Los padres de Tristán llevaban ya un buen rato de café, pastas y conversación de ascensor. Esta era una de las ocasiones en las que el Padre Juan habría deseado tener más habilidad para el trato social; era consciente de la complicada situación que atravesaba esa familia y de la humillación que para ellos suponía solicitar que su único hijo varón se formara dentro de la Orden para ser asignado como sirviente a un caballero acaudalado. Pero no disponía de más recursos ni circunloquios para plantear con más delicadeza la cuestión que le había llevado a esa casa.
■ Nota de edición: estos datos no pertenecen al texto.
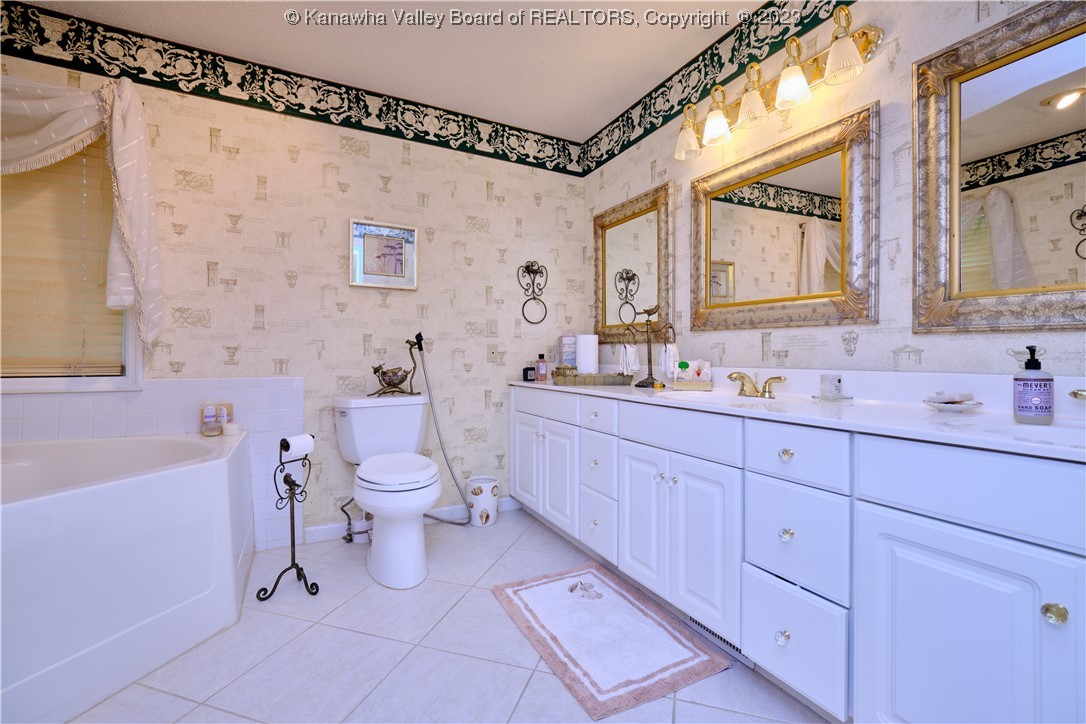 216 Flintlock Road Charleston, WV 25314 - Photo 18 of 33 First floor primary bath.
Eso no significaba que para él la selección de muchachos fuera una tarea rutinaria; no era una frase tópica que todos y cada uno de los jóvenes con los que trataba a diario eran especiales para él. Y la actitud de sus familias era también de lo más variopinta; algunas apenas disimulaban la indiferencia, otras su alivio por resolver el problema de un hijo díscolo, con problemas de disciplina o sin un futuro claro; incluso en algunos casos era patente la codicia por la recompensa económica que recibirían del nuevo amo de su vástago. No era este el caso; se trataba de un matrimonio que había disfrutado de una posición acomodada, como era evidente tanto por el mobiliario de la casa como por su forma de comportarse, y seguramente hasta muy poco tiempo atrás jamás habrían considerado verse un día en esa situación ni habían necesitado nunca plantearse cuánto ni cómo de rápido puede cambiar la vida de una persona o de toda una familia pasando de tener sirvientes a servir. Su sentido de la honra les había impedido mencionar la cuestión del dinero, y de hecho nada en su forma de actuar hacía suponer que la cuestión económica les preocupara, aunque el Padre Juan estaba muy al tanto de la situación real que atravesaban.
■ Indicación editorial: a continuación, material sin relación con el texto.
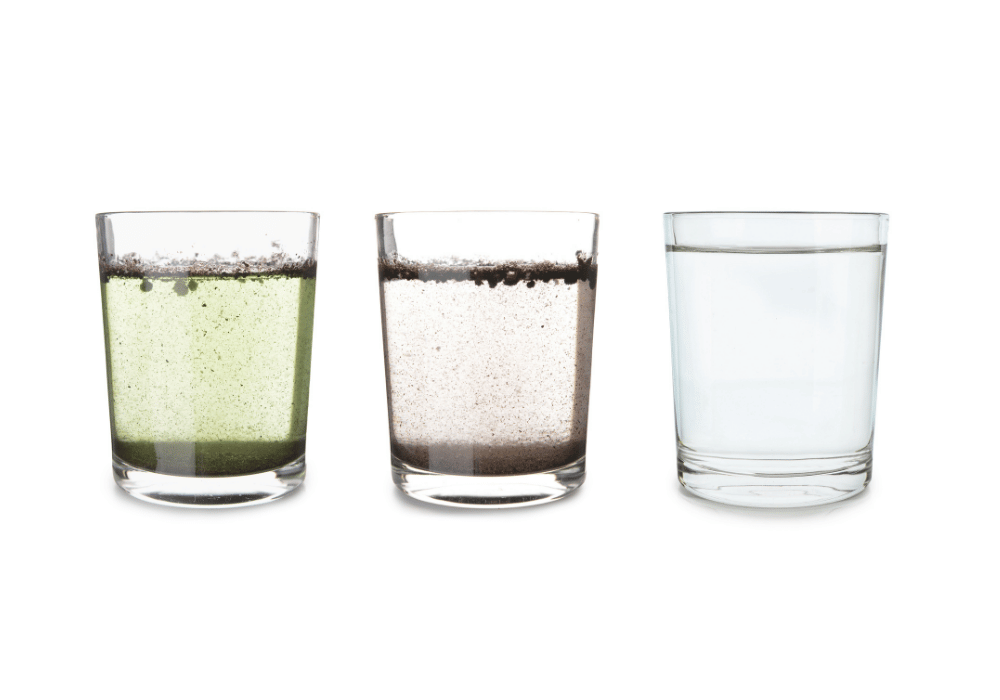 three clear glasses with water samples and water particles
No obstante, no había lugar para la preocupación en ese sentido; la Orden no iba a malvender a Tristán y sólo ofrecería al chico a un amo que correspondiera con una contraprestación monetaria, no sólo apropiada a los valores del joven, sino generosa. Los Padres tenían más experiencia que nadie en actuar como intermediarios entre señores acaudalados faltos de personal de servicio masculino, o a veces simplemente necesitados de compañía, y jóvenes varones en situaciones complicadas necesitados de trabajo y de apoyo, a veces tanto económico como emocional; habían sido de hecho pioneros en esas funciones y sabían perfectamente llegar a los mejores acuerdos para ambas partes. Si era cierto lo que había llegado a sus oídos acerca de las virtudes de Tristán, y el plan que había concebido para el muchacho llegaba a cumplirse, le esperaba un próspero futuro y los problemas de la familia estarían solucionados. Pero al maduro sacerdote, sin ser en absoluto pesimista, le gustaba mantener la prudencia y no dar rienda suelta a su imaginación.
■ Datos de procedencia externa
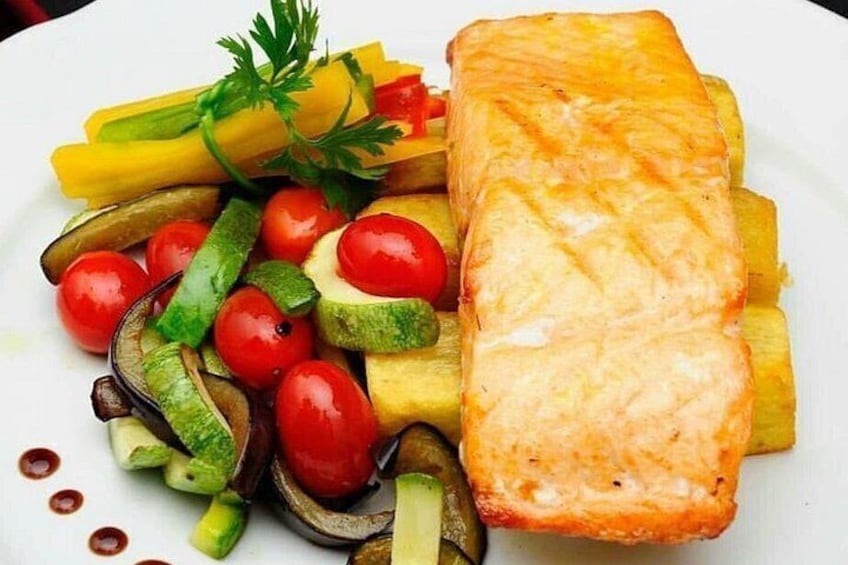 Een bord met gegrilde zalm, kerstomaatjes, courgette en gele paprika. 2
La mirada de la madre no pudo disimular por un instante una cierta altanería e indignación ante lo directo de la pregunta de su invitado. Pero enseguida recompuso su máscara de perfecta anfitriona y dejó responder a su marido:

- Naturalmente, Padre, sé que es usted un hombre ocupado. Tristán está en su habitación, ¿le digo que venga?
- No se preocupe, le examinaré más cómodamente en su habitación.

Un atisbo de inquietud turbó la mirada de la madre.
- ¿Podemos estar presentes mientras habla con él, Padre?
- Si insisten, el papá de Tristán puede venir conmigo. Lo lamento pero usted deberá esperarnos fuera, señora.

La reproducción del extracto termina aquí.